» **Entries provided**:
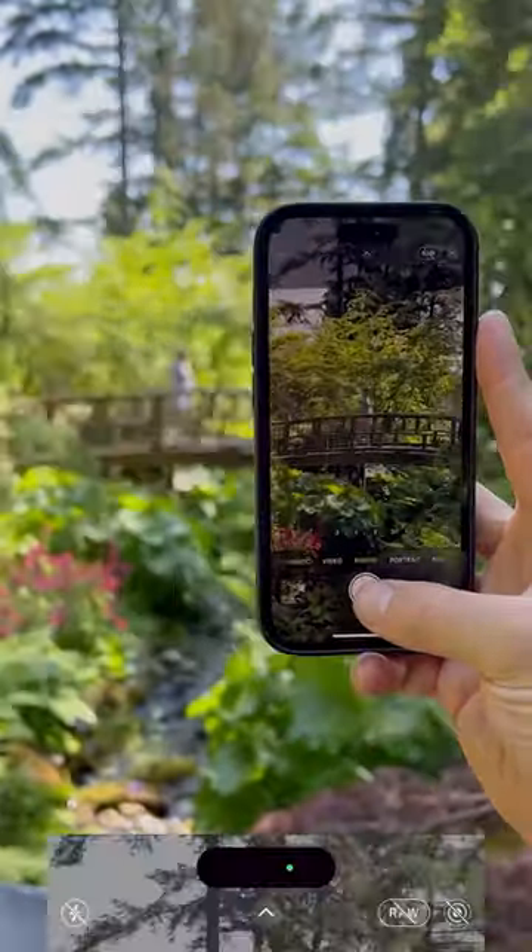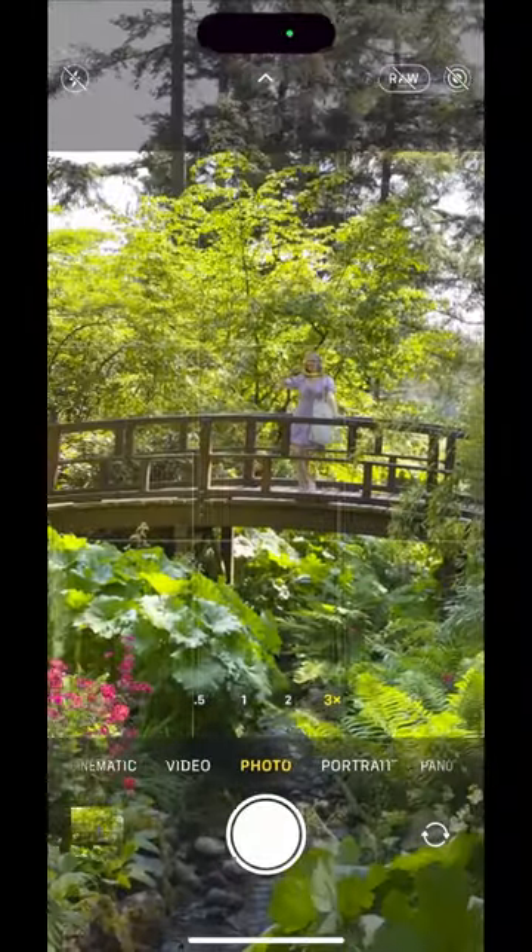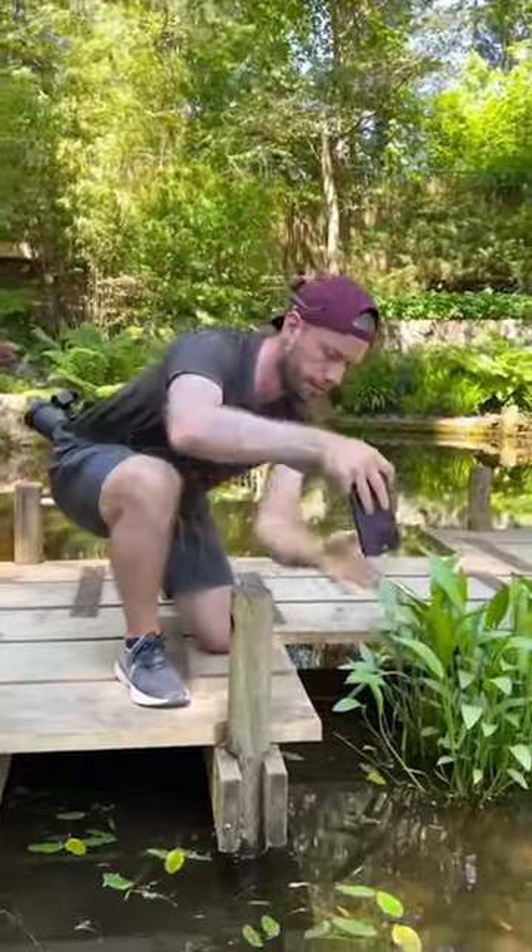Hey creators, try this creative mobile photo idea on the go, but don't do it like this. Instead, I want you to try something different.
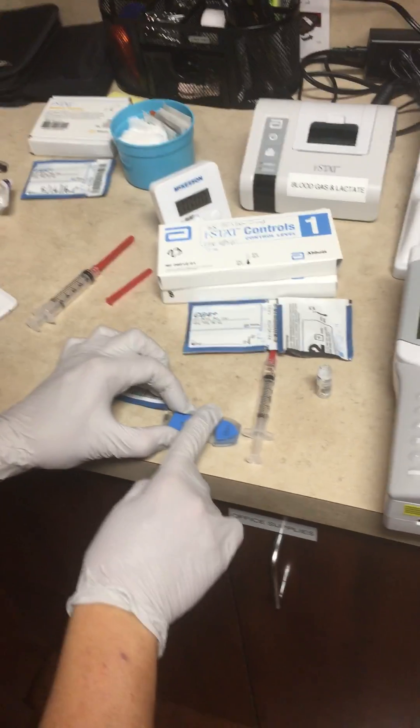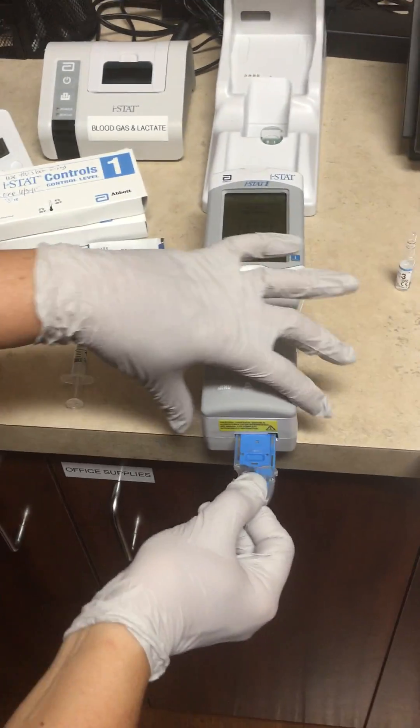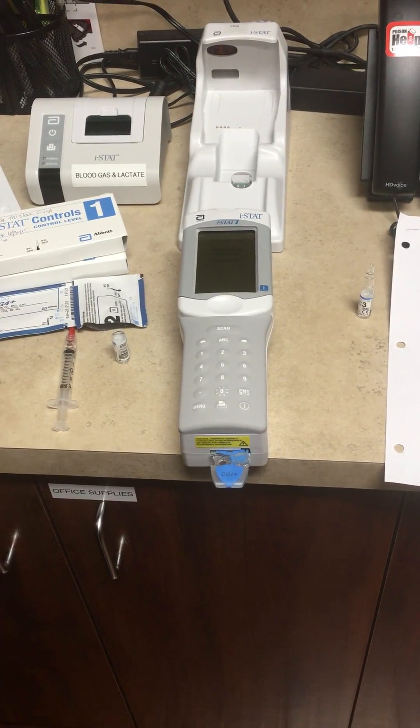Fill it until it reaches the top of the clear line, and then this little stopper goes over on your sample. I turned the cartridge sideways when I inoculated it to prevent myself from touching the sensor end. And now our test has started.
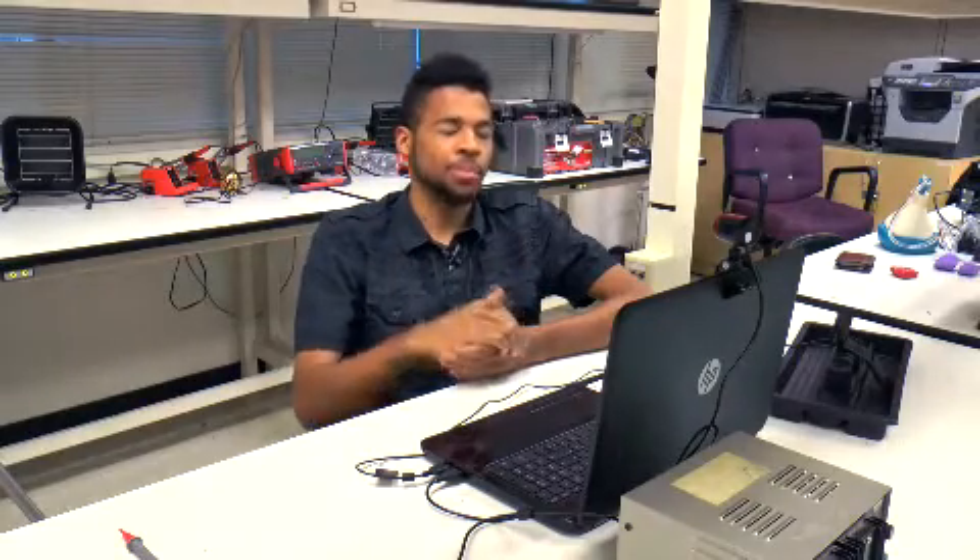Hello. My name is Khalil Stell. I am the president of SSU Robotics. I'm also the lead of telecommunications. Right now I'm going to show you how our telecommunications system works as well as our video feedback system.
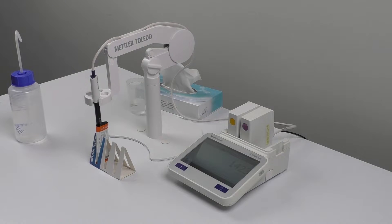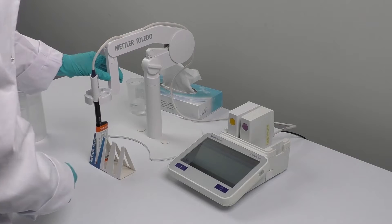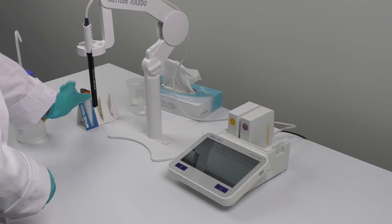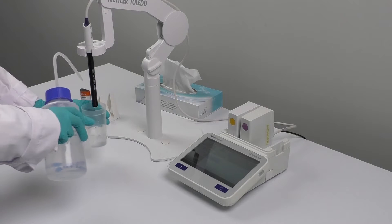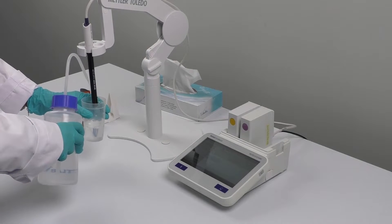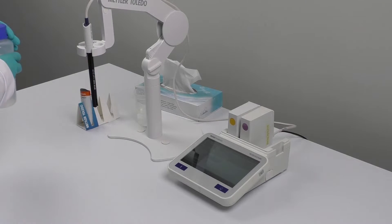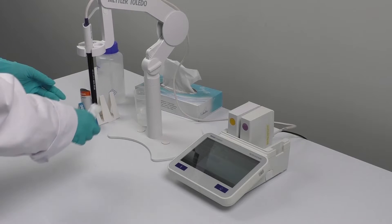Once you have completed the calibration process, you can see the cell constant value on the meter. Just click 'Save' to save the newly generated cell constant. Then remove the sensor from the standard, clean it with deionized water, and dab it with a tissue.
---
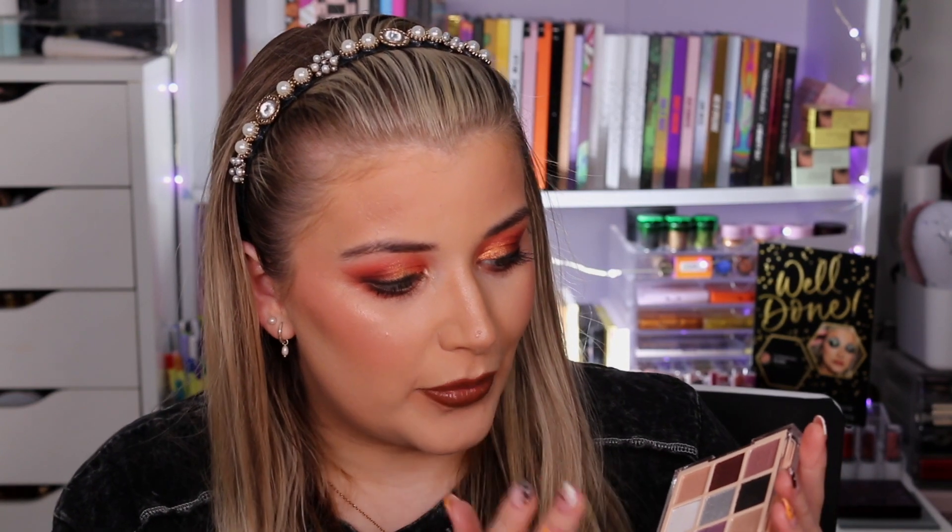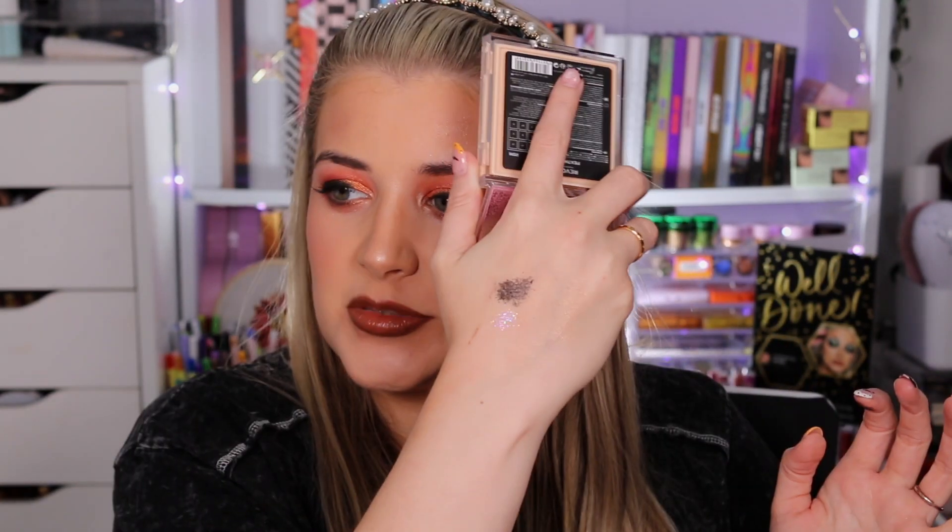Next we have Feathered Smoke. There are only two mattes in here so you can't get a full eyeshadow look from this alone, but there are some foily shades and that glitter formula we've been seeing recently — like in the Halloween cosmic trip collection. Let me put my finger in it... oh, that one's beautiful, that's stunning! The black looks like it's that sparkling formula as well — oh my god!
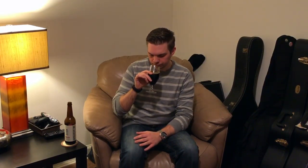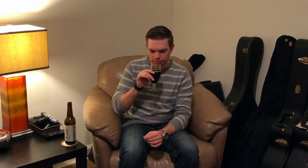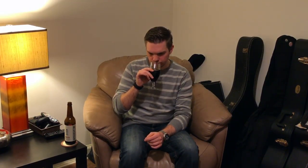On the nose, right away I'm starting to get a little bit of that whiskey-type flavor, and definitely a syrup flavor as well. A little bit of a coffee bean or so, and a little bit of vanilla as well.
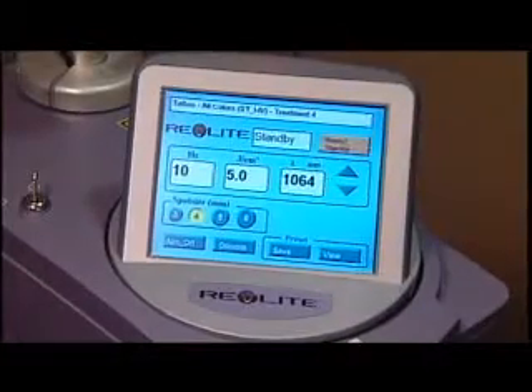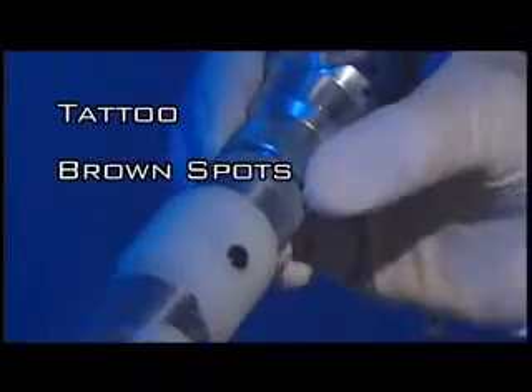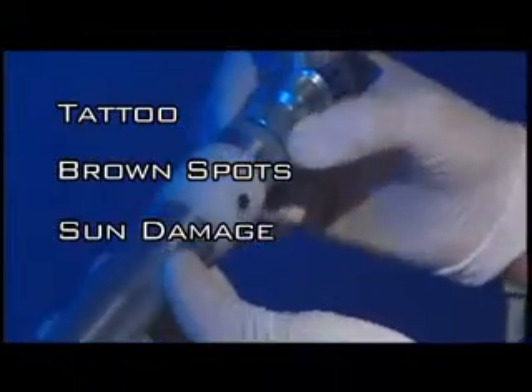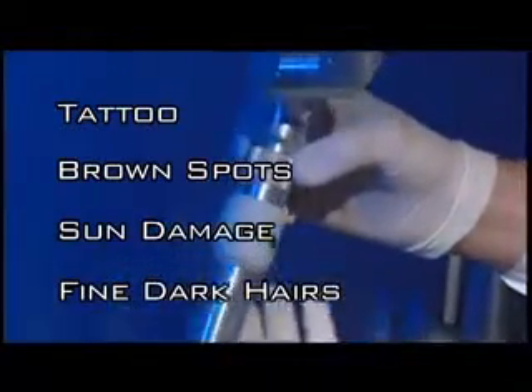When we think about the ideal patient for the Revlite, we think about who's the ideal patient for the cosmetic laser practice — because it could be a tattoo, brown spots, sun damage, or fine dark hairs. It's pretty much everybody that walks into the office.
---
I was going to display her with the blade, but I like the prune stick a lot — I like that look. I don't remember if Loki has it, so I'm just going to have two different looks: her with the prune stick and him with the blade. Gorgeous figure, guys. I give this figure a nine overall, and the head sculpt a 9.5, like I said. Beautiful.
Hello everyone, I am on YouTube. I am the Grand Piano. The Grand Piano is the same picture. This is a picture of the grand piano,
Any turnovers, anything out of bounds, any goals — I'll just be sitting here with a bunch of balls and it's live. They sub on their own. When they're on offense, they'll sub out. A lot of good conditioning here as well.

» **What the task asks**: Starting at the line with "Hello everyone, I" and ending at the line with "Any turnovers, anything", print each line of the listing above exactly, with no other lines.

» **Solution below**:
Hello everyone, I am on YouTube. I am the Grand Piano. The Grand Piano is the same picture. This is a picture of the grand piano,
Any turnovers, anything out of bounds, any goals — I'll just be sitting here with a bunch of balls and it's live. They sub on their own. When they're on offense, they'll sub out. A lot of good conditioning here as well.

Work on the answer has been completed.